前代未聞のストーリー、尋常ならざる伏線の数々。
多重解決ミステリの極限!

 

 

感想(ネタバレなし)

※以下はネタバレ箇所を隠した感想です※

『はらわた』『いけにえ』と、グロ要素を薄めた作風で大傑作をものし、本作もあらすじだけを見てその流れを汲んだ作品かと勘ぐったが、お門違いも甚だしかった。
いつも通り、いやいつも以上に頭がおかしい。

ネタバレを抜きにして抽象的な表現に留めて言うと、展開の仕方が凄まじい。
頭で思い描いていた物語には絶対ならないし、何度驚嘆したか憶えていられないくらいに翻弄された。

ではそれが完全に無軌道かと言えば、全くそうではない。
何故なら、白井智之の創る世界は、論理が絶対の支配者だからだ。

○○なんて異常にもほどがあるのに、その上出てくる推理がまぁ奇想の極みだし、伏線の量も夥しい。

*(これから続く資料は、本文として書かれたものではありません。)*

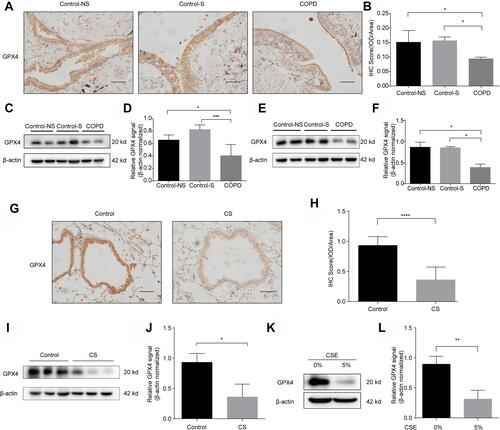 Figure 3 GPX4 expression is downregulated in the lungs of COPD patients, murine models and CSE-treated HBE cells. (A) GPX4 immunostaining of lungs from Control-NS, Control-S and COPD patients is shown (original magnification ×400). Bar: 50 μm. The results were scored by (B) IOD/area. (CandD) Western blots of human lung homogenates from Control-NS, Control-S and COPD patients were probed using an anti-GPX4 antibody and normalized to β-actin levels (loading control). (E and F) Western blots of primary bronchial epithelial cells from Control-NS, Control-S and COPD patients were probed using an anti-GPX4 antibody and normalized to β-actin (loading control). (G–J) C57BL6 mice were exposed to room air (Control) or cigarette smoke (CS) for 6 months. (G and H) IHC staining of GPX4 in lungs from room air (Control)- and CS-exposed mice. Original magnification ×400. Bar: 50 μm. The results were scored by (H) IOD/area. (I and J) The expression levels of GPX4 in lung homogenates of room air (Control)- and CS-exposed mice were measured by Western blot analysis and normalized to those of β-actin. (K and L) The protein level of GPX4 in HBE cells treated with 0% or 5% CSE for 72 h was measured by Western blot and normalized to β-actin levels (loading control). The results are presented as the means ± S.E.M. from three independent experiments. *P<0.05; **P < 0.01; ***P < 0.001, ****P < 0.0001.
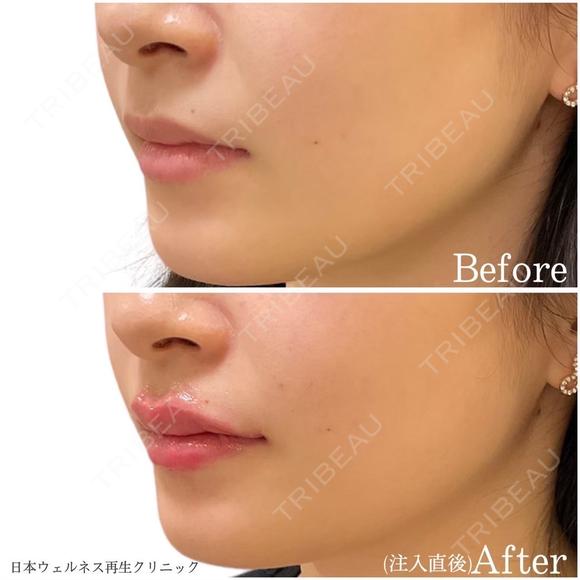唇　ヒアルロン酸 after画像 メイン用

最後に明かされるトリックなんかもう、言葉を失ったね。
その想像力と、人でなし具合に。

これは評価されて当然の出来だし、これが賞レースで受け入れられるのが本格ミステリというジャンルの公平さに違いない。
しかし、世の倫理に真っ向から中指を立てているので、広くは受け入れられないだろう。寧ろ受け入れられるような世の中はおかしいまである。
ただ、この鬼才が好き勝手に進む行く末を、どこまでも見届けたい。
そう思わずにはいられないのだ。

 

評価:9点

2024/3/10 読了

 

以下、ネタバレ箇所を含めた感想

 

 

 

 

 

 

 

 

 

 

感想(ネタバレあり)

『はらわた』『いけにえ』と、グロ要素を薄めた作風で大傑作をものし、本作もあらすじだけを見てその流れを汲んだ作品かと勘ぐったが、お門違いも甚だしかった。
いつも通り、いやいつも以上に頭がおかしい。

ネタバレを抜きにして抽象的な表現に留めて言うと、展開の仕方が凄まじい。
頭で思い描いていた物語には絶対ならないし、何度驚嘆したか憶えていられないくらいに翻弄された。

ではそれが完全に無軌道かと言えば、全くそうではない。
何故なら、白井智之の創る世界は、論理が絶対の支配者だからだ。

平行世界の自分同士による推理合戦なんて異常にもほどがあるのに、その上出てくる推理がまぁ奇想の極みだし、伏線の量も夥しい。

最後に明かされるトリックなんかもう、言葉を失ったね。
その想像力と、人でなし具合に。

これは評価されて当然の出来だし、これが賞レースで受け入れられるのが本格ミステリというジャンルの公平さに違いない。
しかし、世の倫理に真っ向から中指を立てているので、広くは受け入れられないだろう。寧ろ受け入れられるような世の中はおかしいまである。
ただ、この鬼才が好き勝手に進む行く末を、どこまでも見届けたい。
そう思わずにはいられないのだ。